# Jack Russell shedding



## reeses (Mar 14, 2007)

I have a jack russell who sheds nonstop year round, anyone got any advice on ways to lessen the shedding or somehow make it not as bad?


----------



## merrow (Feb 18, 2007)

a good old brush and if its a long coat jr a good hand strip should do the job same with all breeds they all shotting there coats for the summer now


----------



## Gracie Doodle (Mar 13, 2007)

I am really fond of these rubber knobby brushes. Depending on how ofter you brush your dog and the season you may want to a comb also. Dogs love these rubber knobbies and it's good for their skin, so they will sit there and let you brush them. Here is a picture of one if you're not familiar with what I'm talking about.

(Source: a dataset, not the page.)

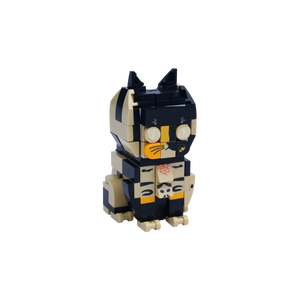 Calico Cat Design 1 cat brick figure, left-side view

http://www.heavenforpets.com/Groomi...ails/Safari-Rubber-Curry-Dog-Brush-W421.aspx?


----------



## shiba (Mar 2, 2007)

That's what I use on my Shiba's, as they have a thick under coat, I used a comb once, but it seemed to irritate their skin, perhaps it was a bit sharpe, but the rubber brush is best.


----------



## squirt1968 (Feb 19, 2007)

Are you feeding a top quality food? My shih tzu was shedding changed her food and in 2 weeks there was a big difference.


----------



## reeses (Mar 14, 2007)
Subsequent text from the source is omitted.